== Task details ==
Using the listing below, output only the lines from the one that contains "Jelly Of The Month Club Perfume Oil" through the one that contains "Safari Sunset - Galaxy Tough", inclusive, exactly as given and without images.

== Data extract ==
<<<<

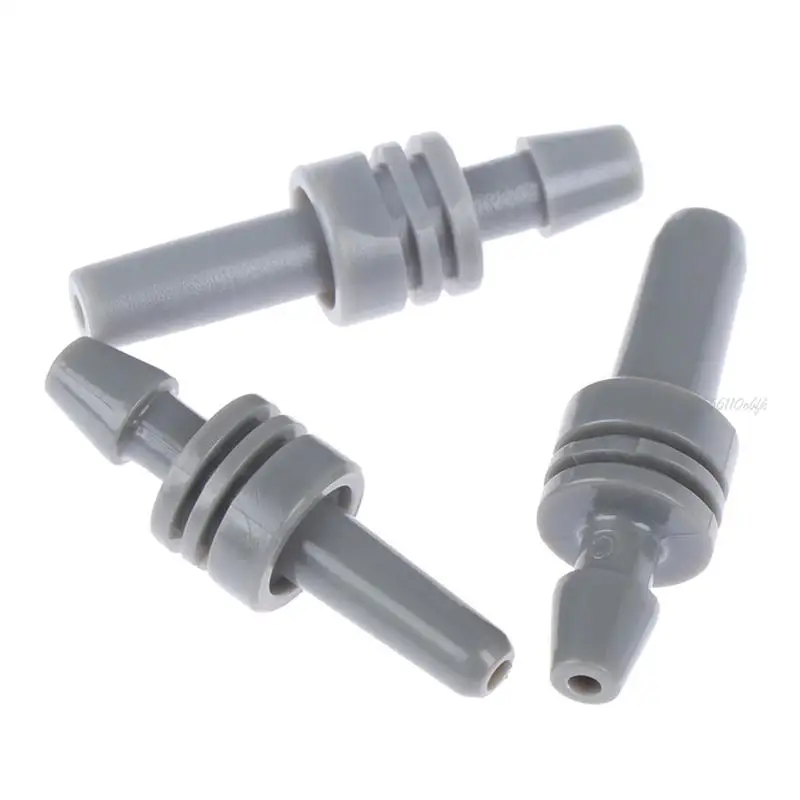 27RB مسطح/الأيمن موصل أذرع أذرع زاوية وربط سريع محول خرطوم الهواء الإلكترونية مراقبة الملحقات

>>>>
<<<<

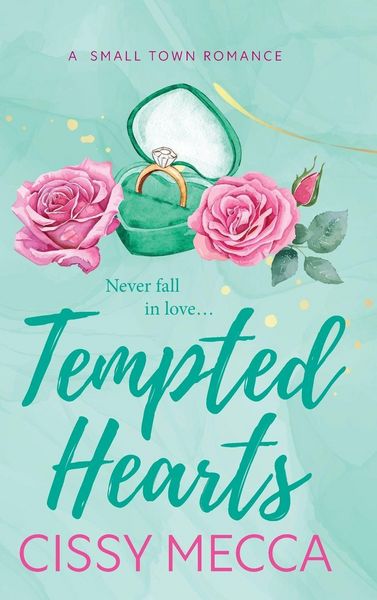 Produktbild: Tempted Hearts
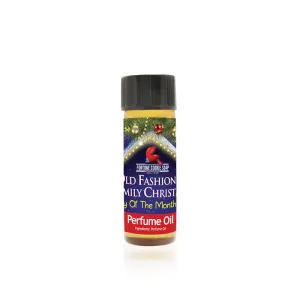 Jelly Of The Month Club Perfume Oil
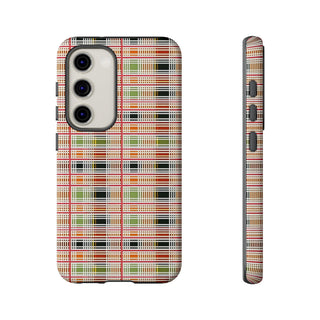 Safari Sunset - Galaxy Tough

>>>>
<<<<

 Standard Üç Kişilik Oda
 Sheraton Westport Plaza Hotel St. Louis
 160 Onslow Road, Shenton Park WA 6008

>>>>

== Answer space ==
 Jelly Of The Month Club Perfume Oil
 Safari Sunset - Galaxy Tough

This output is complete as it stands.